Alongside them, just 12 Palestinian police were stationed at the entrance to the former settlement. Their uniforms were shabby and incomplete, and not all of them had weapons.

Early Thursday, Taha Qassas, an Al Aqsa operative, toured the checkpoints, taking roll call, overseeing shift changes and handing out water. According to Qassas' list, 400 gunmen were to report to duty Thursday throughout the Gaza Strip.

Complicating the picture is a new plan by Abbas to disarm all the militant groups, starting with the ones close to his own Fatah movement — the Al Aqsa Martyrs' Brigades.

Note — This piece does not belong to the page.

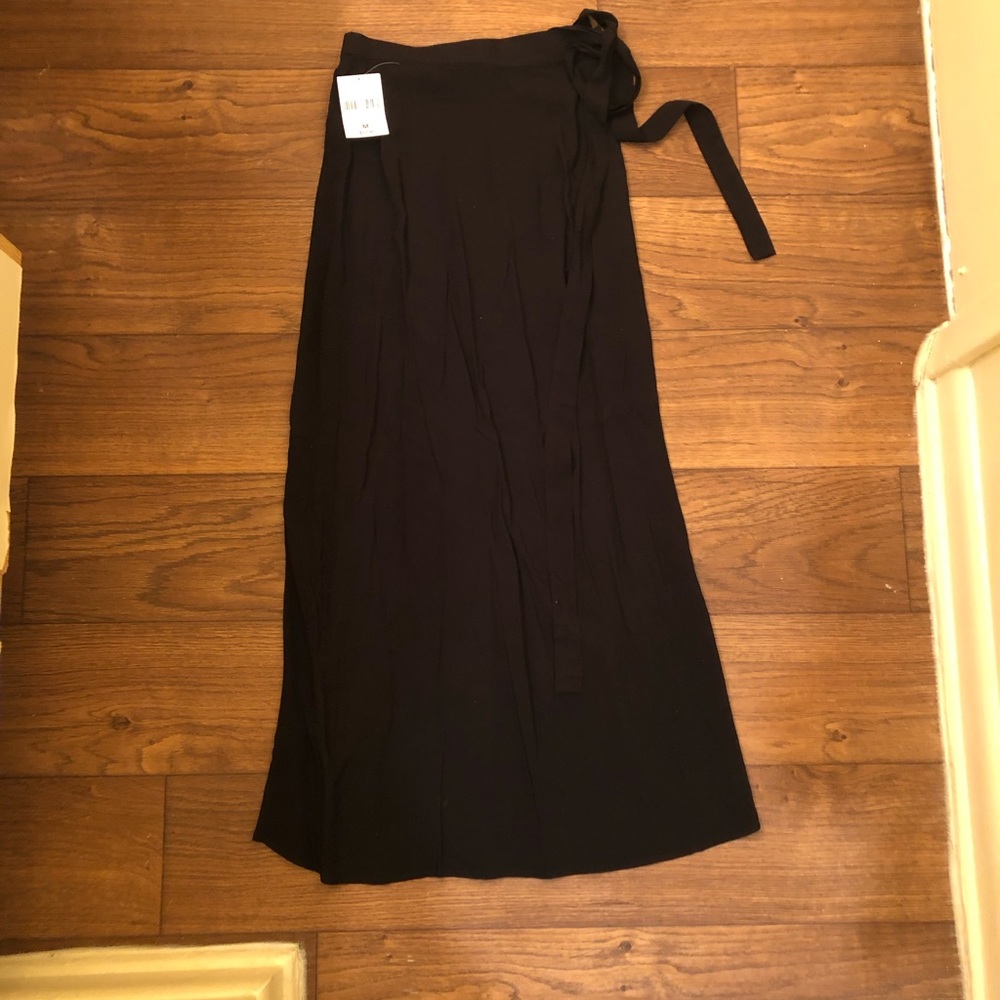 Forever 21 Black wrap midi skirt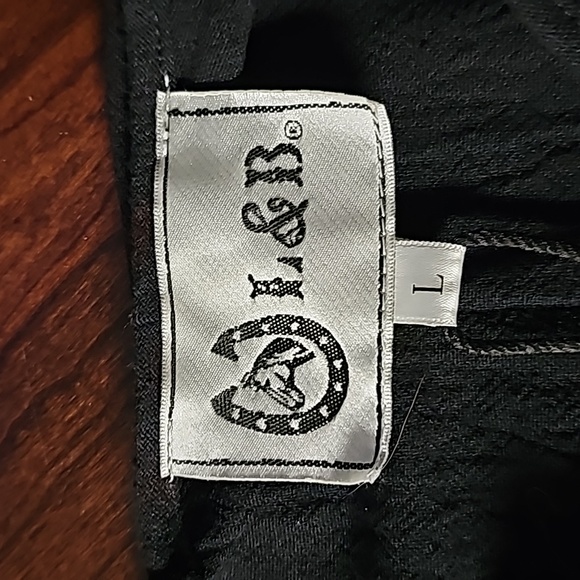 NWT L&B Black Short Sleeve Boho Blouse Size Large - Picture 7 of 7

In the heat of the Gaza day at the demolished settlement, the two sides debated who gives the orders.

The gunmen and the Palestinian security forces drank tea and talked calmly as they sat under a makeshift gazebo made of four wooden poles and a black mesh awning they scavenged from the settlement rubble.

Behind them, dozens of greenhouses were in shambles.

"You can't be Aqsa boys and Palestinian Authority boys at the same time," Khaled Masri, a Palestinian police officer, told the gunmen. "You have to choose one or the other."

"This is how civil wars begin," said Masri. After a second of silence, the gunmen and soldiers, almost in unison, dismissed that possibility.

Part of Abbas' plan is to absorb all groups associated with the ruling Fatah party into the security forces, and some think it's possible to answer to two masters.

"When they go to work, and they are wearing military uniforms, they will take orders from their military commanders. But when they go home and the work day is over, they take their orders from us," said Hassan Qassas, Al Aqsa's leader in Khan Younis.

"As a body, the Al Aqsa Brigades will remain," he said on Wednesday.

Qassas even commended Abbas for his pledge to rid Gaza's streets of what he called "illegal" weapons, used in petty crimes rather than against Israel.

He said Al Aqsa is willing to "hide" their weapons and keep them out of sight, but the group will not give them up.